How Does the Preferred Basis Problem Impact Quantum State Representation?

[bon]

Homework Statement

I'm trying to understand the preferred basis problem in the foundations of QM

Ok so I read somewhere that in general any state can be decomposed in different ways.

I don't quite see how this is meant to work

Suppose 'up' / 'down' represent z component of ang mom, then one spin state is

psi = 1/root 2 |up> + 1/root 2 |down>

What's another way to represent this same state in a different basis? How does it relate to the preferred basis problem?

Thanks

Homework Equations

The Attempt at a Solution

 

[Chopin]

Are you familiar with change-of-basis problems for regular finite-dimensional vector spaces?

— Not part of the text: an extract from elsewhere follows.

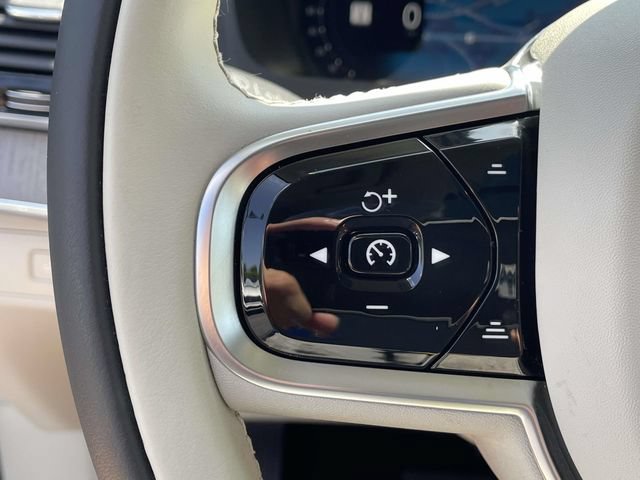 Used 2025 Volvo XC90 T8 Plus w/ Protection Package Premier AWD/4WD image 33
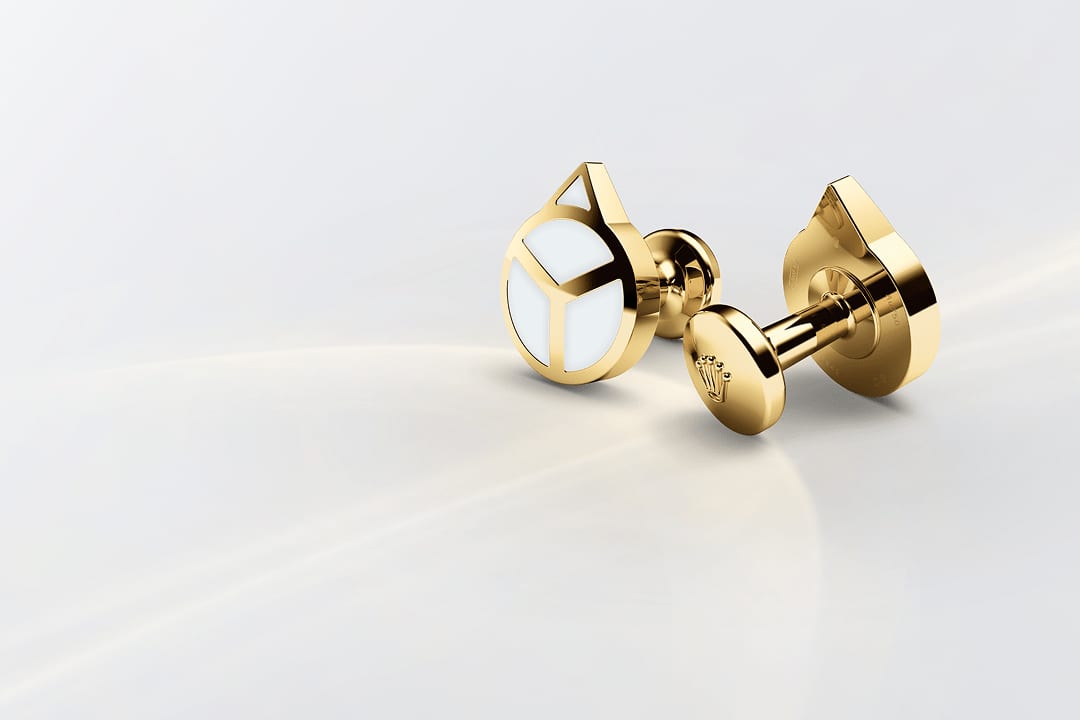 Yellow gold ‘Hand’ cufflinks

For instance, if you take a plain old Cartesian graph, you can define a set of basis vectors (up-down, side-to-side). Then a vector pointing to the right is (1,0), and a vector pointing up is (0,1). A vector with unit norm pointing at a 45 degree angle is 1/sqrt(2) (1, 1). However, you could also define the basis vectors as (45 degrees right, 45 degrees left), in which case the 45 degree vector becomes (1,0), and the up-down and side-to-side vectors are mixed.

In QM it works exactly the same way. In the spin system, you have Spin Z+ and Spin Z-, so you can define those as the basis vectors and have (1,0) and (0,1) as the two basis states. However, you can also define spin in a different direction, in which case the Z+ and Z- states will be represented as a mixed vector, just like the 45-degree vector above.